The task ->
Pictures in the listing below are skipped, while the lines from the "Grilled juicy steak" line through the "Серый Джип Патриот, объемом" line are returned word for word.

Records to process ->
* * * * *

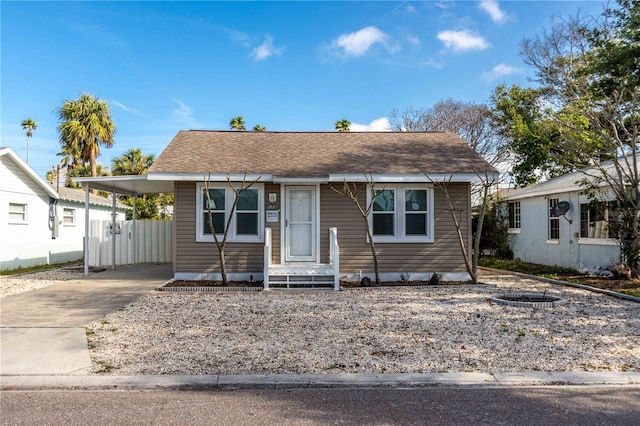bungalow featuring fence, a carport, concrete driveway, and roof with shingles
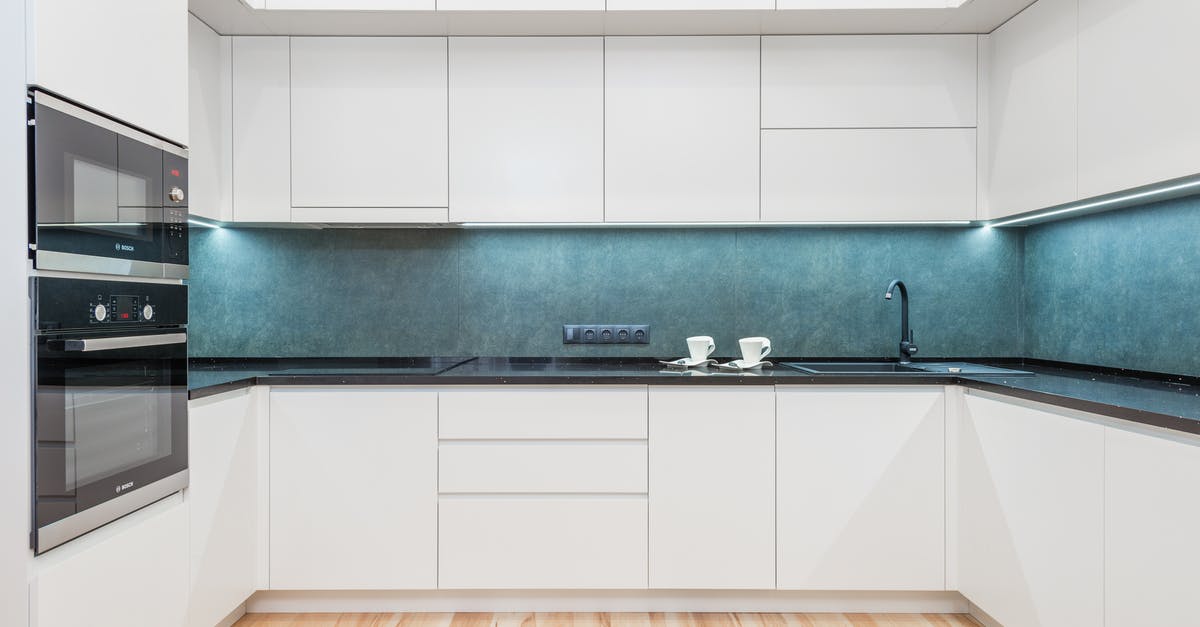 Lysol on microwave, how to clean off? - Interior of white modern kitchen with minimalist design of white cabinets blue backsplash and black built in appliances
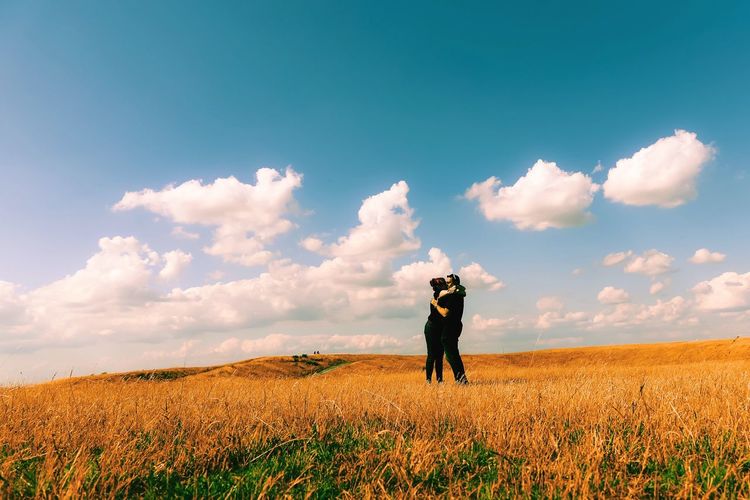 Couple kissing on grassy field against sky during sunny day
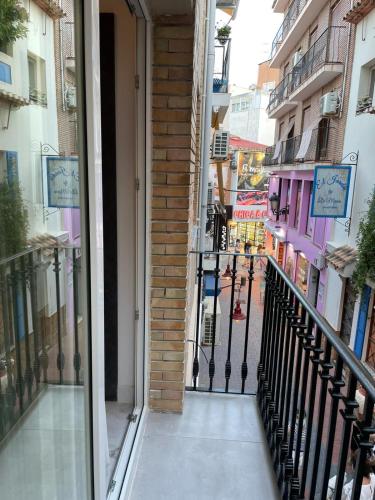 a hallway of a building with a black fence at Boomerang in Benidorm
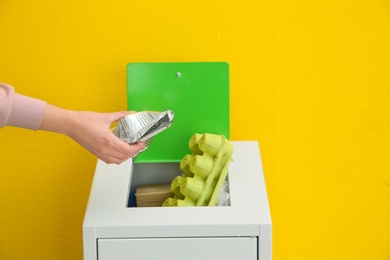 Woman putting used foil container into trash bin on color background, closeup. Recycling concept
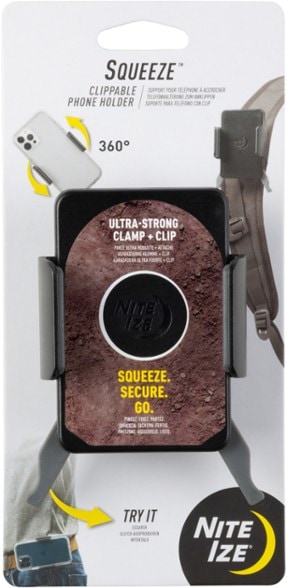 AdventureClip phone holder attached to a backpack during a hike, demonstrating hands-free convenience.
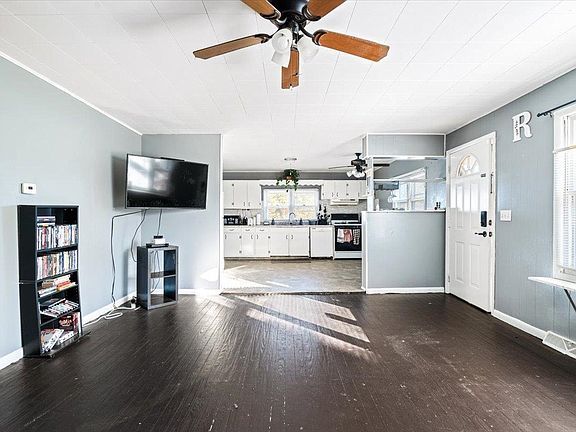 A living room with a ceiling fan and a flat screen tv.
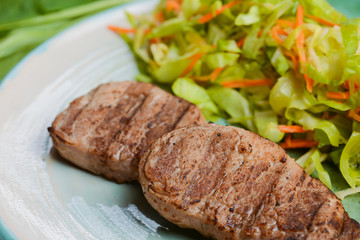 Grilled juicy steak with vegetable salad and herbs. Concept for a tasty and healthy meal.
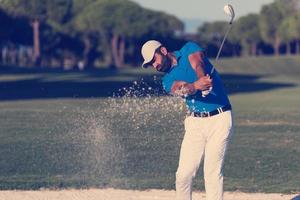 golfeur professionnel frappant un coup de bunker de sable photo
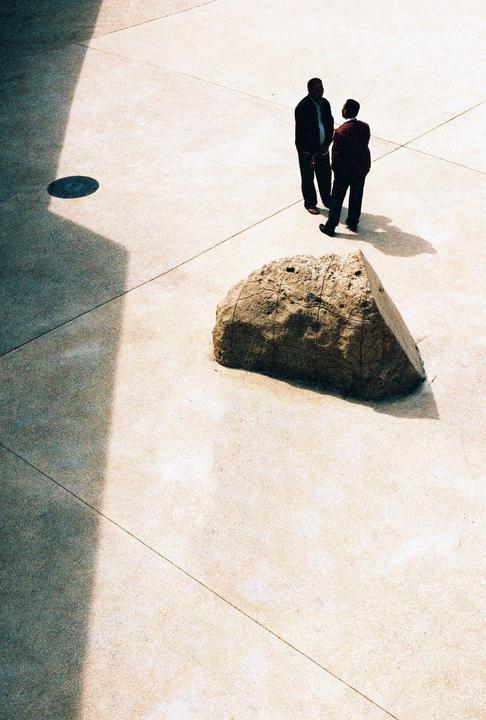 Two men stand on a light-colored paved surface next to a large rock, with shadows cast across the ground.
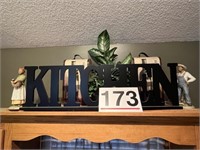 Wooden kitchen sign and 2 figurines, plant and 2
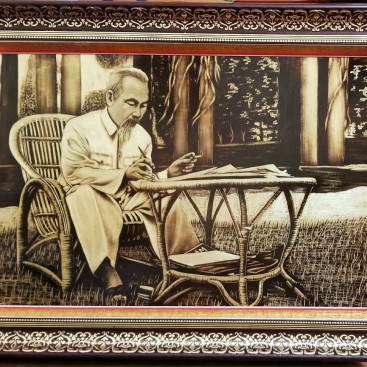 tranh-bac-ho-ngoi-ghe-may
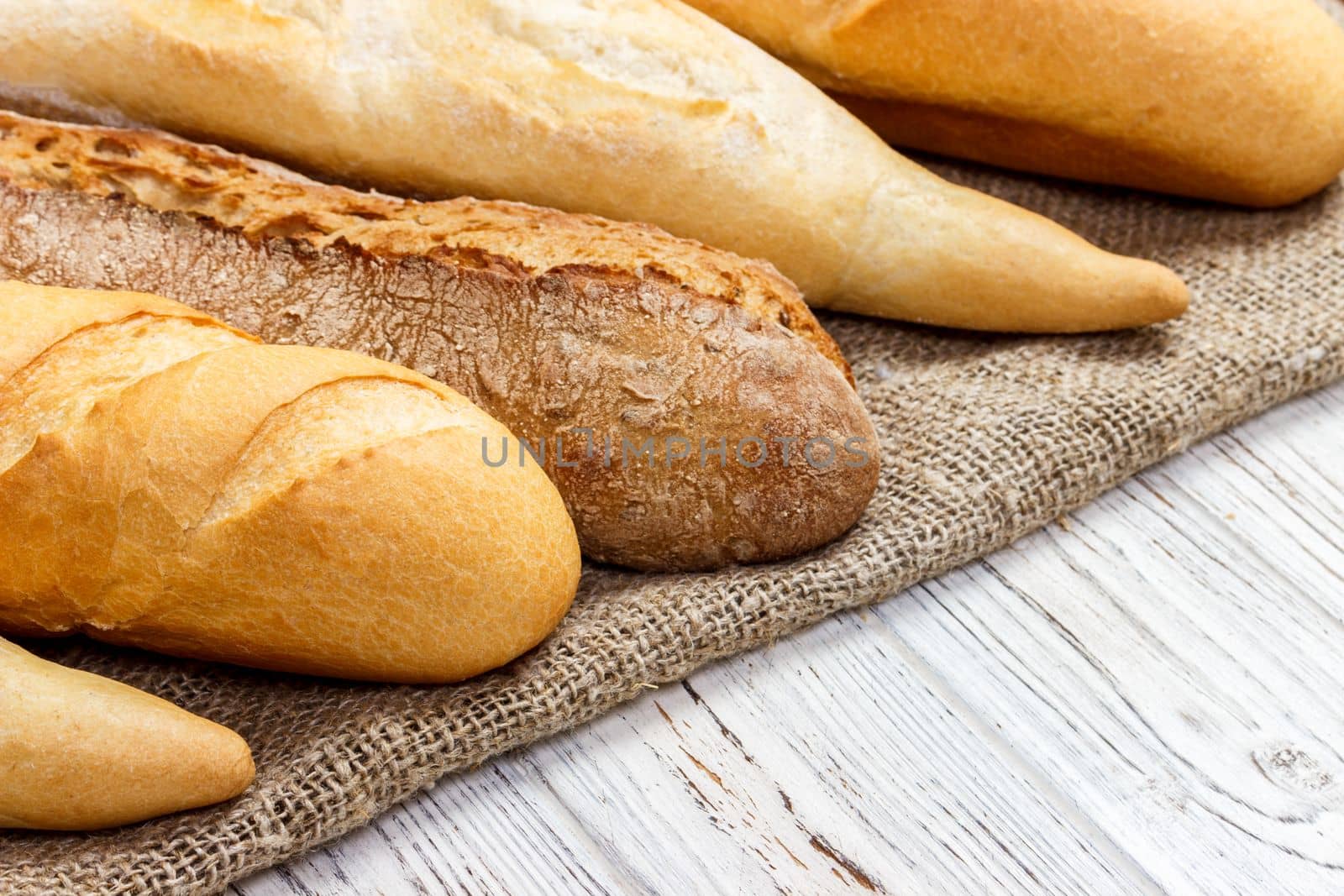 different types of baguette on a wooden background.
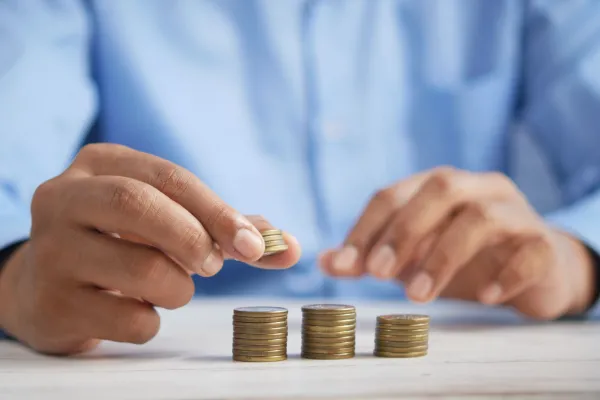 man with coins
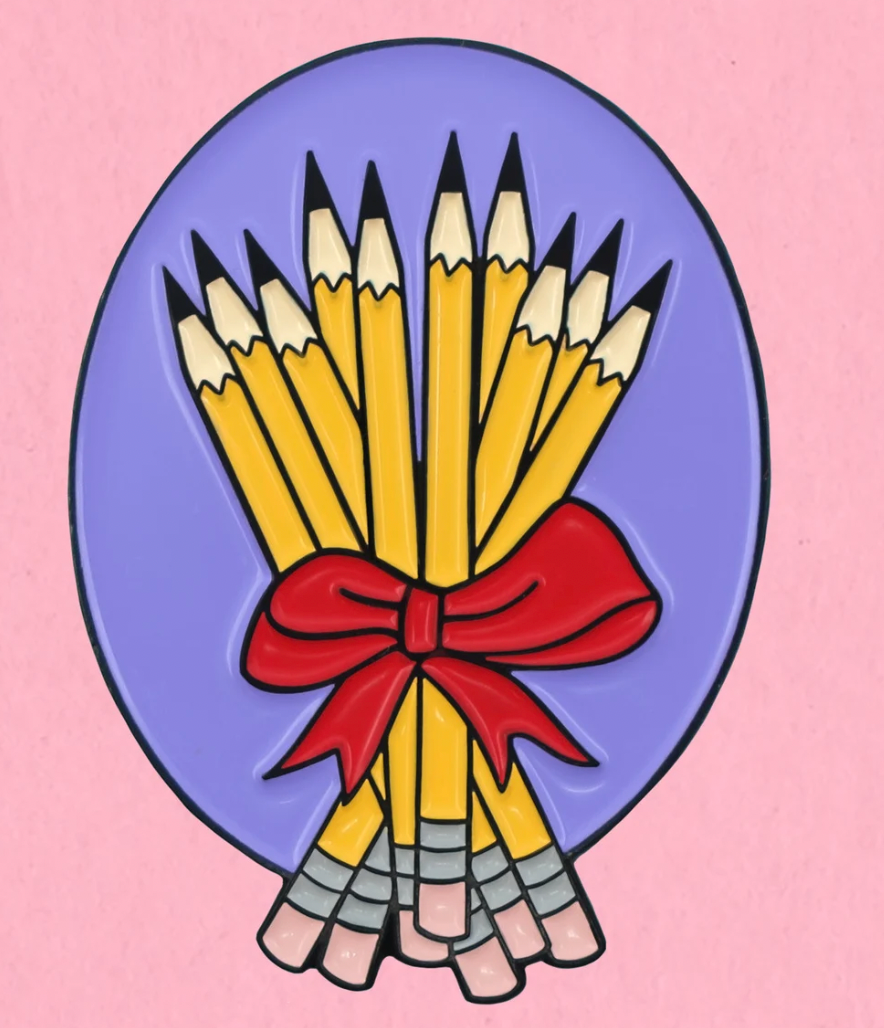 A purple enamel pin featuring a bouquet of pencils tied with red ribbon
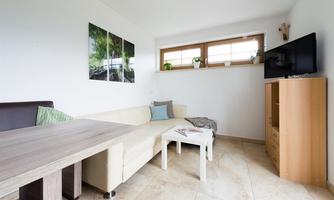 A modern living room with a bright sofa and a table. Pictures hang on the wall and a television stands on a wooden cabinet.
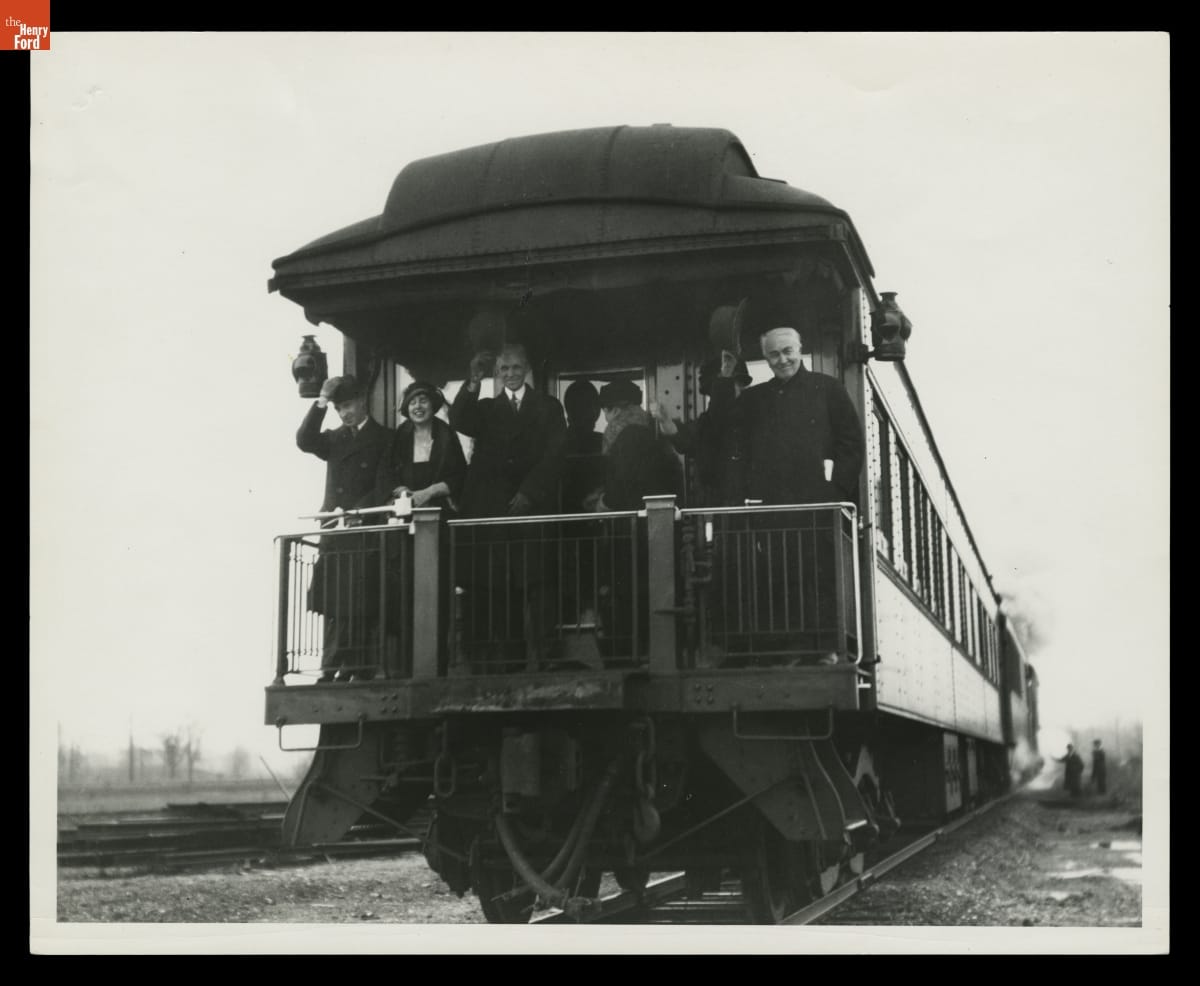 Several people stand on the back platform of a railcar, some waving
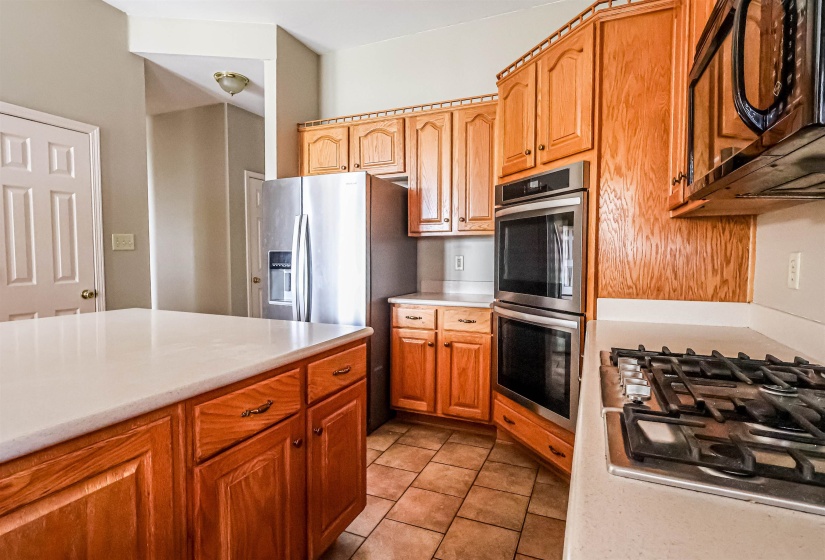 Kitchen with light countertops, light tile patterned floors, and stainless steel appliances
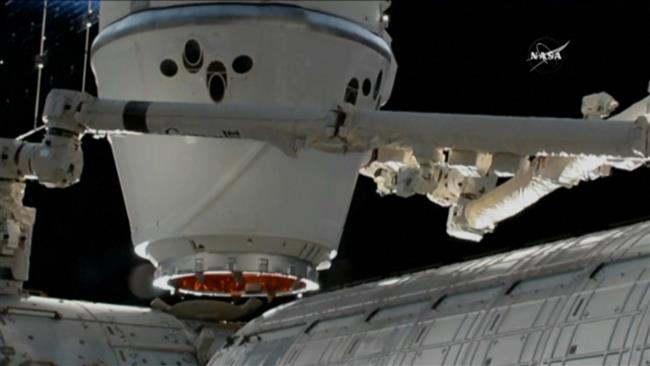 SpaceX resupply cargo craft installed at ISS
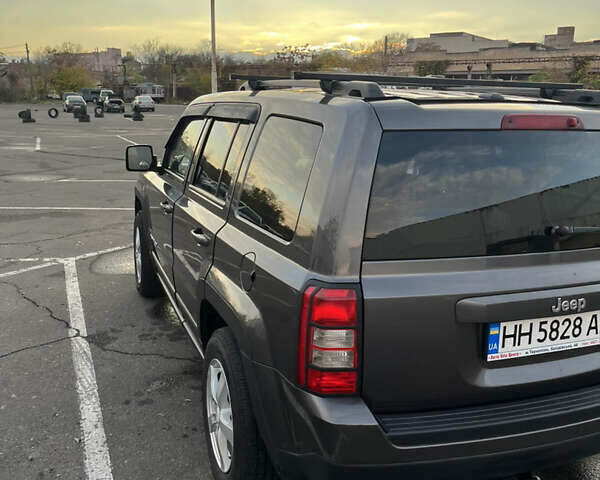 Серый Джип Патриот, объемом двигателя 2.36 л и пробегом 175 тыс. км за 11000 $, фото 4 на Automoto.ua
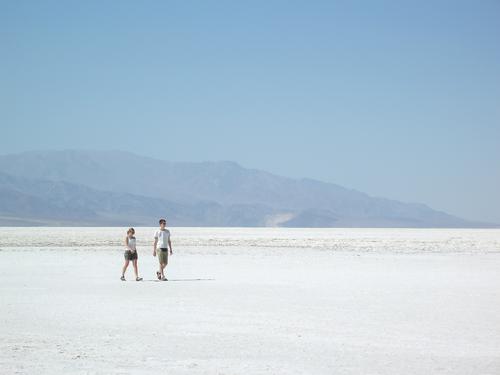 tourists walking 282 feet below sea level at the Badwater Basin of Death Valley National Park in California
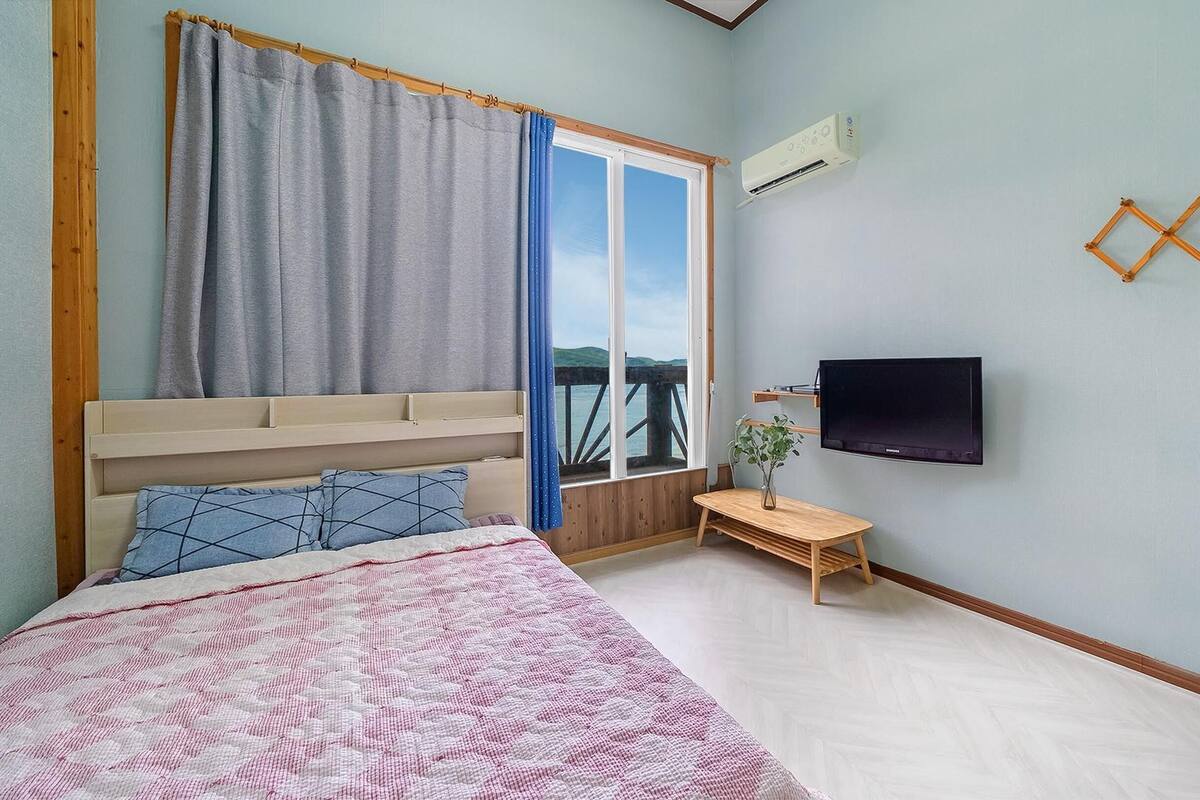 Un dormitorio con cama, televisión, ventana con cortinas y vistas al exterior.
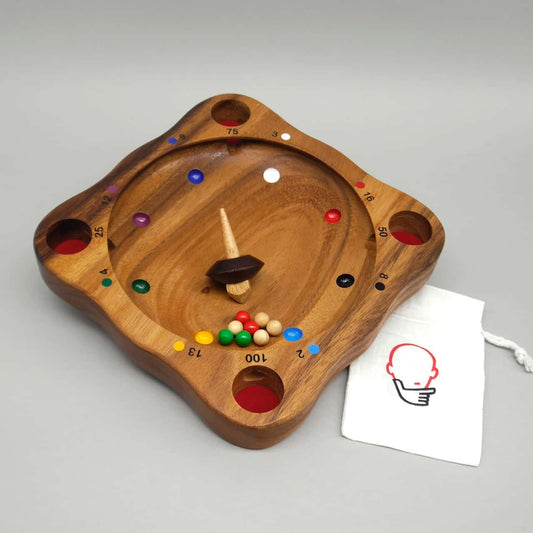 Auf dem Holzbrett „Tiroler Roulette“ rotiert ein Kreisel, bunte Kugeln sammeln sich am unteren Rand und ein Beutel liegt seitlich – spannendes Drehspiel mit Glücksfaktor.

* * * * *

Response area ->
 Grilled juicy steak with vegetable salad and herbs. Concept for a tasty and healthy meal.
 golfeur professionnel frappant un coup de bunker de sable photo
 Two men stand on a light-colored paved surface next to a large rock, with shadows cast across the ground.
 Wooden kitchen sign and 2 figurines, plant and 2
 tranh-bac-ho-ngoi-ghe-may
 different types of baguette on a wooden background.
 man with coins
 A purple enamel pin featuring a bouquet of pencils tied with red ribbon
 A modern living room with a bright sofa and a table. Pictures hang on the wall and a television stands on a wooden cabinet.
 Several people stand on the back platform of a railcar, some waving
 Kitchen with light countertops, light tile patterned floors, and stainless steel appliances
 SpaceX resupply cargo craft installed at ISS
 Серый Джип Патриот, объемом двигателя 2.36 л и пробегом 175 тыс. км за 11000 $, фото 4 на Automoto.ua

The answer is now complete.